====== EXTRACTED ENTRIES
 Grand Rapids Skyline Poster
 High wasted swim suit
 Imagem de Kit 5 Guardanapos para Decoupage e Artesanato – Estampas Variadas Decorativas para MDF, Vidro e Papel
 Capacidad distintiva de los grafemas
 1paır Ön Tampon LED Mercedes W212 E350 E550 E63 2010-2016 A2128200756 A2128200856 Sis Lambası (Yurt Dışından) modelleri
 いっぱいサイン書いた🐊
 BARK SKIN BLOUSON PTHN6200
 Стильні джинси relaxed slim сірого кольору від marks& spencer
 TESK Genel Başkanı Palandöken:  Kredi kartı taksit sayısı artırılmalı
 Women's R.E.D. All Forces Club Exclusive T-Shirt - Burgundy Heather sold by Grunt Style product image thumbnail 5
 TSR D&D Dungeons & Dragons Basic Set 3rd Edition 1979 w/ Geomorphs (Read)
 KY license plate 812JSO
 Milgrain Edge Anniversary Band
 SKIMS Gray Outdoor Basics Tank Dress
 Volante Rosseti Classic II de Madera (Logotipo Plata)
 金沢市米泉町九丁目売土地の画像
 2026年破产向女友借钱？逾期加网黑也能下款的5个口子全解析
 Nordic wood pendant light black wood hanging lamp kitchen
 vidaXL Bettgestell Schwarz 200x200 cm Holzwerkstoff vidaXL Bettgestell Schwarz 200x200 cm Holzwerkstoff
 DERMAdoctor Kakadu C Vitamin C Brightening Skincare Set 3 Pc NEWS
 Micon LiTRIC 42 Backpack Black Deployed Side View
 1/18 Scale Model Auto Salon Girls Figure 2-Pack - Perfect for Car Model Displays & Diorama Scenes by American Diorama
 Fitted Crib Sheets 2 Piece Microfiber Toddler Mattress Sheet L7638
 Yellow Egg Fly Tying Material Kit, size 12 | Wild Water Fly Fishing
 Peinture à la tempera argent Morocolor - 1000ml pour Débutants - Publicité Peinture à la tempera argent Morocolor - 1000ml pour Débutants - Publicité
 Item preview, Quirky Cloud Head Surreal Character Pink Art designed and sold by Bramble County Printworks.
============
▶ **HOW TO COMPLETE THIS TASK**: Only an exact copy of the entries above will do.

▶ **SOLUTION**:
 Grand Rapids Skyline Poster
 High wasted swim suit
 Imagem de Kit 5 Guardanapos para Decoupage e Artesanato – Estampas Variadas Decorativas para MDF, Vidro e Papel
 Capacidad distintiva de los grafemas
 1paır Ön Tampon LED Mercedes W212 E350 E550 E63 2010-2016 A2128200756 A2128200856 Sis Lambası (Yurt Dışından) modelleri
 いっぱいサイン書いた🐊
 BARK SKIN BLOUSON PTHN6200
 Стильні джинси relaxed slim сірого кольору від marks& spencer
 TESK Genel Başkanı Palandöken:  Kredi kartı taksit sayısı artırılmalı
 Women's R.E.D. All Forces Club Exclusive T-Shirt - Burgundy Heather sold by Grunt Style product image thumbnail 5
 TSR D&D Dungeons & Dragons Basic Set 3rd Edition 1979 w/ Geomorphs (Read)
 KY license plate 812JSO
 Milgrain Edge Anniversary Band
 SKIMS Gray Outdoor Basics Tank Dress
 Volante Rosseti Classic II de Madera (Logotipo Plata)
 金沢市米泉町九丁目売土地の画像
 2026年破产向女友借钱？逾期加网黑也能下款的5个口子全解析
 Nordic wood pendant light black wood hanging lamp kitchen
 vidaXL Bettgestell Schwarz 200x200 cm Holzwerkstoff vidaXL Bettgestell Schwarz 200x200 cm Holzwerkstoff
 DERMAdoctor Kakadu C Vitamin C Brightening Skincare Set 3 Pc NEWS
 Micon LiTRIC 42 Backpack Black Deployed Side View
 1/18 Scale Model Auto Salon Girls Figure 2-Pack - Perfect for Car Model Displays & Diorama Scenes by American Diorama
 Fitted Crib Sheets 2 Piece Microfiber Toddler Mattress Sheet L7638
 Yellow Egg Fly Tying Material Kit, size 12 | Wild Water Fly Fishing
 Peinture à la tempera argent Morocolor - 1000ml pour Débutants - Publicité Peinture à la tempera argent Morocolor - 1000ml pour Débutants - Publicité
 Item preview, Quirky Cloud Head Surreal Character Pink Art designed and sold by Bramble County Printworks.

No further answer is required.